In 2016 the world made great strides, forwards and backwards. Climate change was unrelenting and ice cover at the North Pole shrank alarmingly, but the world’s wealthiest superpower elected a president who seeks to increase the use of coal. On the other hand, greenhouse gas emissions stopped rising and the triumphal advance of renewable energy continued.
Average living conditions for the peoples of the world went on improving but there was a setback in the poorest continent, Africa. Export prices fell and, for the first time in two decades, incomes did not increase for the majority of Africans. Fortunately the downtick was brief and the upward trend has resumed in 2017. Since the turn of the millennium, life expectancy in Africa has already risen by nearly 10 years, faster than in any other continent ever.
Conflicts and drought caused great suffering in 2016, especially in the Middle East and the Horn of Africa, but the lack of rain in Ethiopia did not inflict the mass famine that was feared. For millions of Ethiopians, living standards and food security have risen to a sustainable level in the past few years; they are now better insulated from the plunge into scarcity.
People under 30 account for half of the world’s population and most of them live in developing countries. Where will they find work and income to support themselves and their families? The great challenges of our era will not solve themselves. Achieving the objectives of sustainable development agreed by UN member states will require money, skills and the efforts of the private sector, too. Finland has developed much clean and lean technology that will be needed to help solve the complex problems of the developing world, and is pledged to promoting it in poor countries. Finnfund is one of Finland’s tools for mobilising corporate investments and know-how for developing countries.
Discussions about Finnfund’s role and extra funding for it began in 2015 and continued in 2016. The government ultimately decided in November to grant Finnfund a long-term 130 million euros loan. In anticipation, we made investment decisions of more than 150 million euros last year. Renewable energy projects alone have received investment approvals totalling over 100 million euros since the government and parliament decided to strengthen our resources in 2015. These and many others of our investments will curb climate change, for example by saving energy or helping poor people adapt to climatic challenges.

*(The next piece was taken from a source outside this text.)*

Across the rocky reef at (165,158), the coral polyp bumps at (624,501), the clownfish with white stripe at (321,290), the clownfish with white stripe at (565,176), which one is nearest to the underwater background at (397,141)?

Finnfund focuses on projects for reducing climate change that can also have the greatest effects on living standards in developing countries. Today, a led lamp powered by a solar panel or a wind turbine is also generally cheaper than using a kerosene lamp that also causes indoor air pollution. Electric light also supports the schooling of children, as well as enterprise and work by adults to support the family.
In 2016 Finnfund projects and operations were subject to growing interest but also review. There are many people now interested in Finnfund who had not previously known about it or the operations of development finance institutions. This is an important opportunity for us.
We continue to strive towards greater transparency in the company’s operations and more dialogue with stakeholders such as civic organisations and companies, in Finland and abroad. An example of this is our new disclosure policy, adopted in September. When we sign new deals, we also agree with our clients to disclose more information than before.
We had many successful projects in 2016. The largest investment in our company’s history, the wind power project at Lake Turkana in Kenya, stayed on schedule and within budget. All the turbines of Africa’s largest wind park were erected by early 2017. As soon as the transmission line commissioned by the government of Kenya is completed, millions of Kenyans will receive non-polluting low-price electricity.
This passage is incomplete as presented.